Le nom du journal peut aussi être « détourné » au sein de l’univers symbolique du journal : ainsi Le Monde devient Le Monde de l’éducation, Le Monde de l’économie, Le Monde des livres… et EL PAIS peut devenir EL PAIS de las tentaciones ou Ciberpaís 182 . L’attribution d’un complément de nom au nom du journal permet de désigner l’ancrage thématique du supplément tout en gardant l’identité discursive du journal. Le cas de Ciberpaís est différent du fait qu’il propose une identité nouvelle. Nous ne nous y attarderons pas, mais nous attirons toutefois l’attention sur cette possibilité de construction d’une identité discursive parallèle au sein du journal 183 .
Le cas du Figaro est un peu différent en ce qu’il présente deux formules : celle que l’on voit dans Le Figaro Littéraire où le nom-de-journal est accompagné d’un adjectif et celle qui concerne les pages économie : Le Figaro. Économie où le nom de journal est juxtaposé à une rubrique informative. La différence entre ces deux procédés concerne le type de discours proposé : le nom « Le Figaro littéraire » fait appel à un type de discours expressif en accord avec le rôle de titre assumé par ce même énoncé. Dans le deuxième procédé, en revanche, il n’est pas proposé de discours : il s’agit de deux noms, un nom propre et un nom commun juxtaposés. Le nom-de-journal s’accorde dans cette circonstance avec le rôle de nom propre : il est vide. Mais cela s’élargit aussi à « économie ». La juxtaposition de ces deux noms permet de ce fait de faire rentrer le nom commun « économie » dans le processus de médiation sémiotique auquel le nom-de-journal comme signature invite le lecteur à participer. L’économie devient, par ce biais, une deuxième forme de signature du journal. Dès lors que la signature du journal atteste de la véracité de son identité discursive, l’économie signifie, aux côtés du nom « Le Figaro », le type de discours auquel se rattache la liberté selon l’identité discursive du journal.
Il convient de remarquer la non dissémination du nom-de-journal « El Mundo », qui pourrait, à priori, donner lieu à des constructions comme celles du journal Le Monde ou El Pais. Cela répond à une question sémantique : « Le Monde » et « El Mundo », n’ont pas le même sens en français et en espagnol lorsqu’ils deviennent un nom commun. « Le monde de l’éducation » se tradurait ainsi par « el ámbito de la educación » voir « el país de la educación ». Il faut donc tenir compte de cette distinction pour comprendre comment « El Pais » (ce qui ne serait pas possible en français) se décline comme un nom propre, mais non « El Mundo ». Du point de vue sémiotique, cela renforce la fonction de stricte attestation assumée par le nom-de-journal dans son rôle de signature et reproduite ici dans ses formes disséminées.

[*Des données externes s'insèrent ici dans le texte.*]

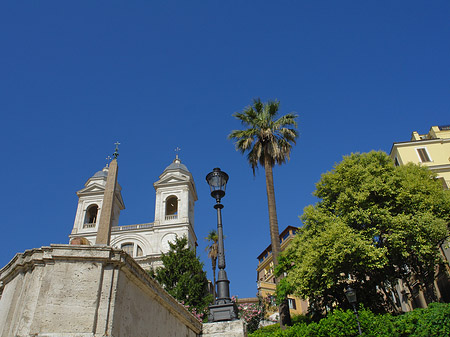 Fotos S. Trinita dei Monti mit Obelisk | Rom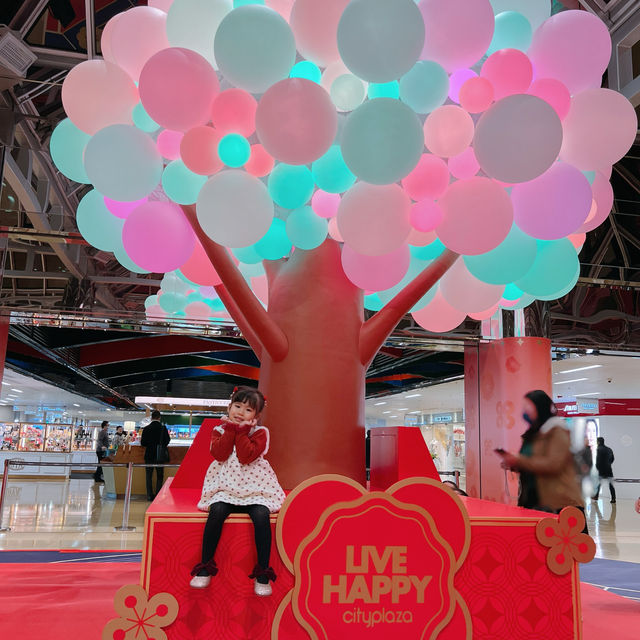 「LIVE HAPPY BANK」 • 太古城中心龍年打卡點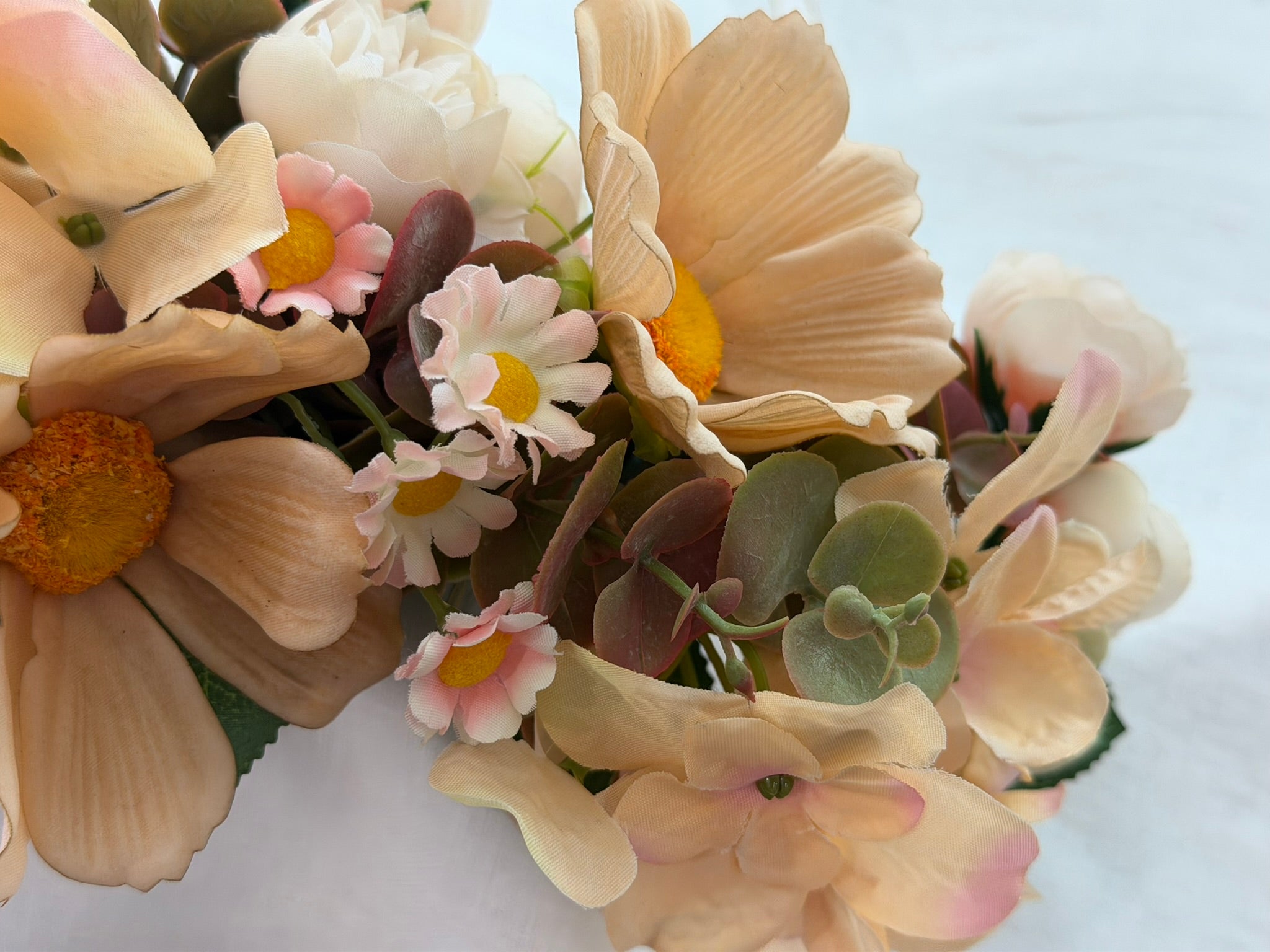 Full, lush floral design Peach hydrangea, cosmos, ranunculus, and daisy blooms Lush eucalyptus foliage accents Ribbon ties for adjustable, comfortable fit 
Wear as a flower crown, or as a garland around your dog's neck 
Suitable for adults, children and pets
Perfect for weddings, garden parties, hens celebrations, festivals, and photoshoots
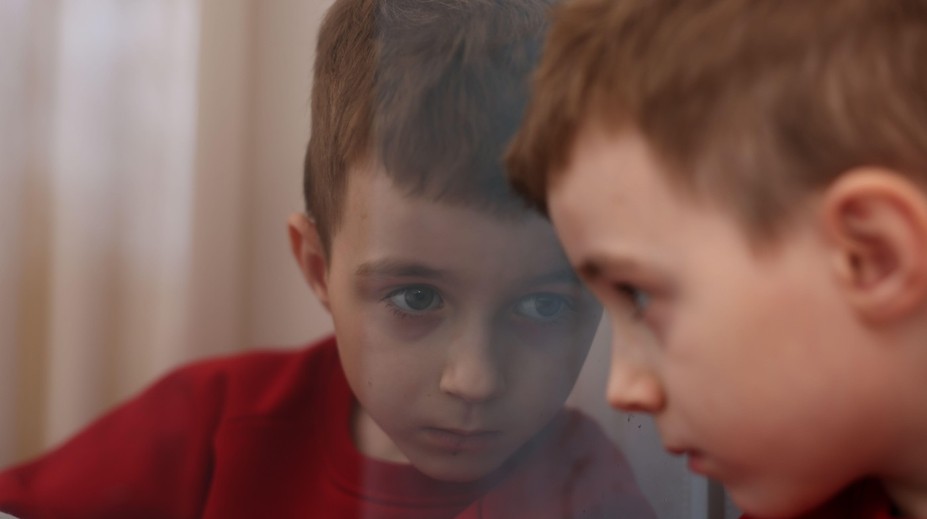 Pol hodiny v aute plakala. Príbeh mamy chlapca s autizmom zo Žiliny rozdelil Slovákov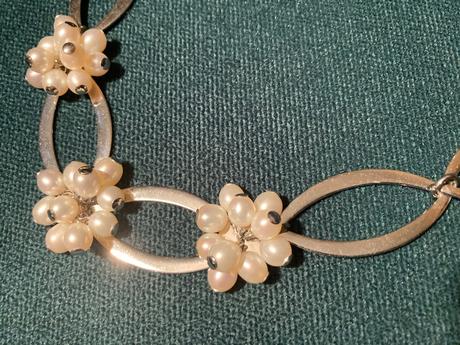 Krásny náhrdelník zn.mona collini, 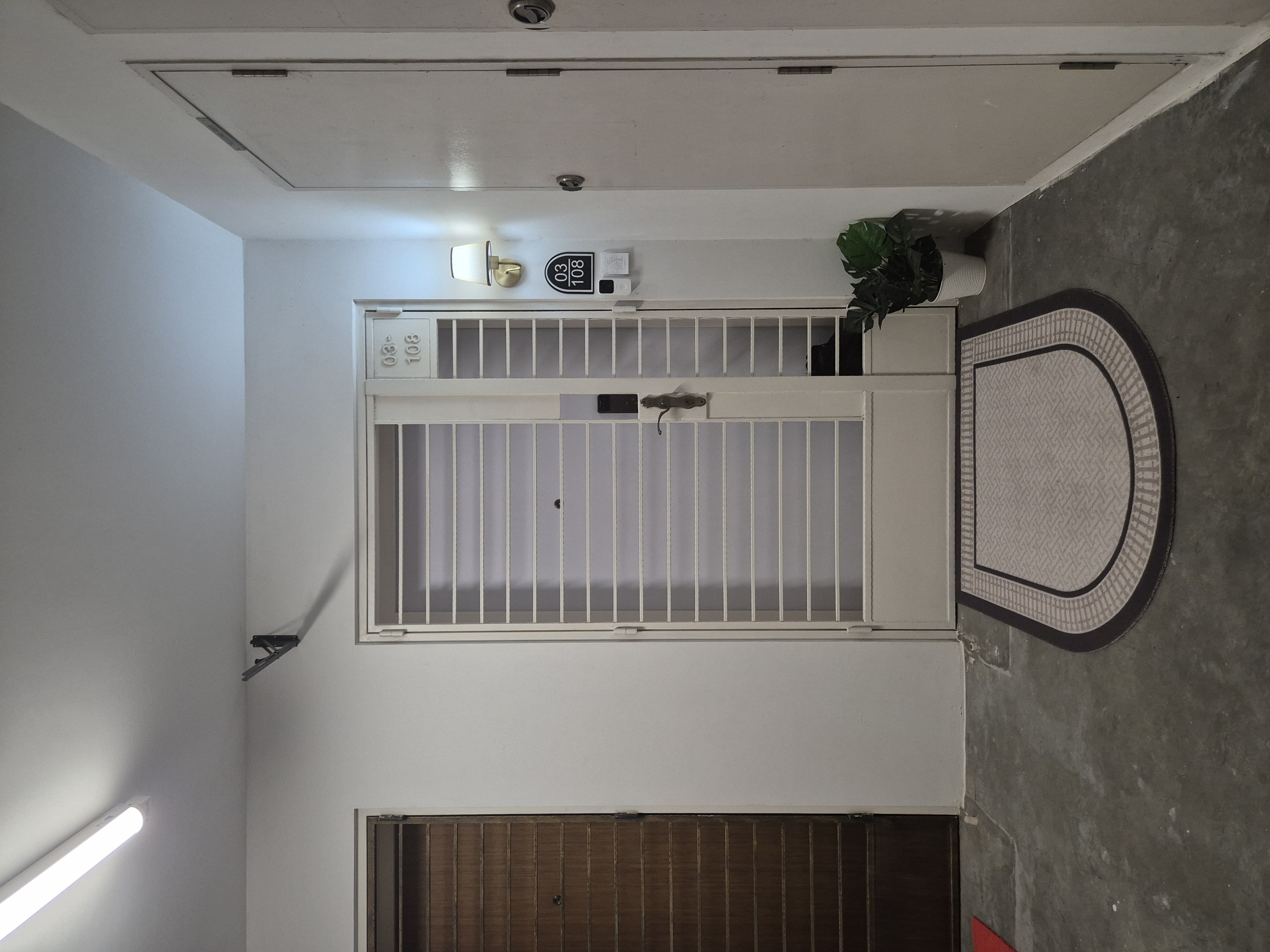 Less-than-$100-for-house-entrance-revamped-by-punggoHField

Restent à voir les deux noms-de-journal non accompagnés de déterminants. Il est tout à fait logique qu’ils ne se déclinent pas étant donné que toute déclinaison entraînerait en même temps l’ajout d’un déterminant et donc un changement sémantique du nom. Une déclinaison originale se produit pourtant du côté d’ABC : « ABCd las artes » . Le nom-de-journal est par ce biais reproduit plus que décliné, en un exercice de redondance. Un exercice qui rappelle toutefois les connotations sémantiques contenues dans ce nom-de-journal et ce faisant permet de les appliquer à d’autres domaines, celui des arts en l’occurrence. Il y a dans cela un processus de médiation sémiotique entre cet énoncé « ABCd las artes » et l’énoncé nom-de-journal qui propose au lecteur d’étendre l’identité discursive à d’autres domaines que celui de l’information. Presque comme s’il s’agissait d’aborder le monde dans son ensemble avec cette disposition discursive. Et cette disposition est présente dans les deux compléments de nom qui accompagnent l’énoncé nom-de-journal : la tradition incarnée par le fondateur du journal, la même tradition incarnée dans la formule « les arts » qui renvoie à la distinction dix-neuvièmiste entre les arts et les sciences.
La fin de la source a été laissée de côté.